Etre heureux, c’est aimer la vie
avec le malheur qu’elle contient et
la traverser comme un danseur.
Telle est, très résumée en une brève formule, la leçon du «Zarathoustra» de Nietzsche, descendu de sa montagne. Et c’est une leçon de sagesse qui consiste, en dépit de notre impuissance à corriger le monde de ses terribles errements militaires et financiers, de tout ce qui nous heurte, nous désole ou nous attriste, en dépit de notre propre imperfection, une leçon qui conseille de ne pas céder à la déprime, mais de se laisser aller à cette puissance de vie qui est en nous. Il existe une sorte d’ivresse de vivre, fruit de la pulsion dionysienne, qui domine lorsque notre tendance à nous illusionner se meurt.

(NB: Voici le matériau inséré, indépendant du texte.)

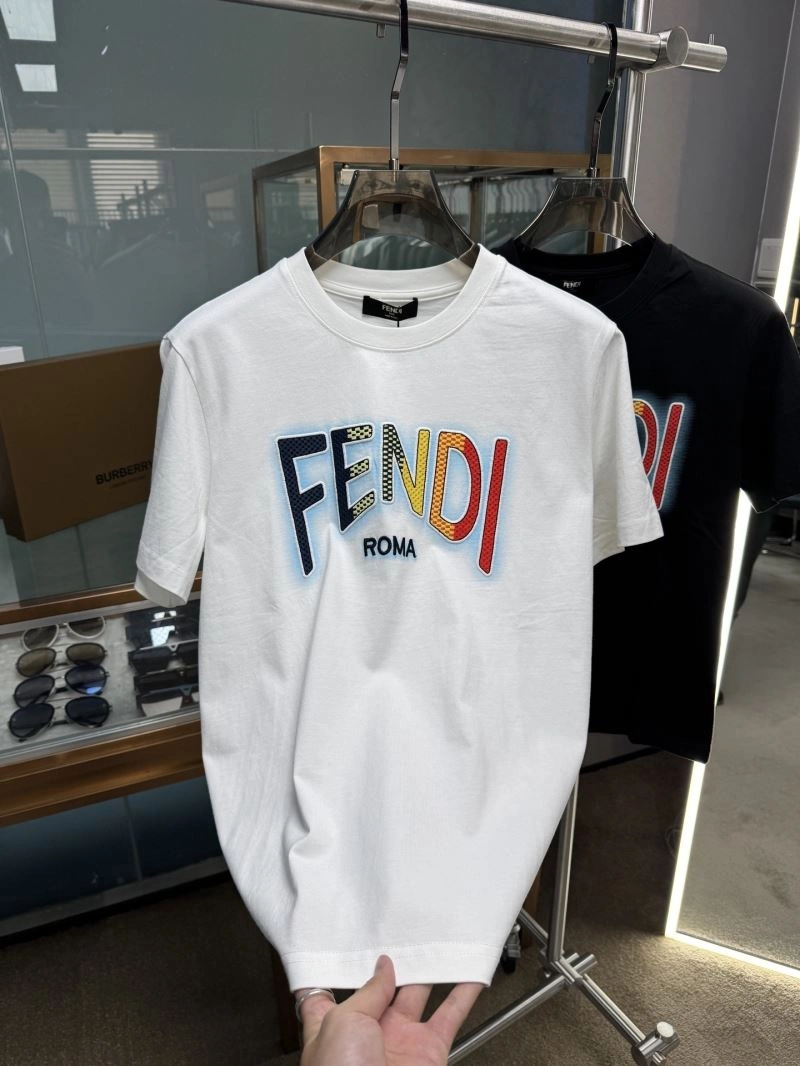 Lightweight Fendi T-Shirts 121645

Nous vivons dans le mensonge que sont les illusions et le rôle du philosophe au marteau est de briser ces parois de béton qui nous empêchent de voir les choses nues. Nos souffrances et nos impuissances ont créé tout un monde imaginaire auquel nous nous accrochons pour survivre. Zarathoustra, lui, propose de nous en délivrer, mais ce n’est pas pour nous plonger dans la dépression.
Car la vie est par nature équivoque: elle est une force créatrice, mais aussi destructrice; elle augmente le monde, mais aussi le rétrécit; ce n’est ni bien ni mal, c’est la vie dans sa formidable énergie. La vie, pour durer, crée et tue; elle apaise et demeure violente. Or il peut arriver que ce soit ce versant sombre qui occupe le terrain, comme chez le dépressif ou le suicidaire. Mais nous ne sommes pas condamnés au tragique. Le bonheur est possible comme une émanation secondaire de la vie, pourvu qu’on ne s’illusionne pas sur la nature de ce bonheur et pourvu qu’on soit prêt à accepter les règles du jeu.
Car le bonheur n’échappe pas non plus à l’illusion. On pense d’ordinaire qu’il faudrait, pour être heureux, éviter le malheur avec sagesse ou avec détachement. Etre heureux, au contraire, c’est aimer la vie avec le malheur qu’elle contient et la traverser comme un danseur. Dans cette attitude joyeuse, Nietzsche pense qu’il s’agit de «dire oui». Dire oui! Oui à la vie telle qu’elle est, et avancer vers son destin… la tête haute.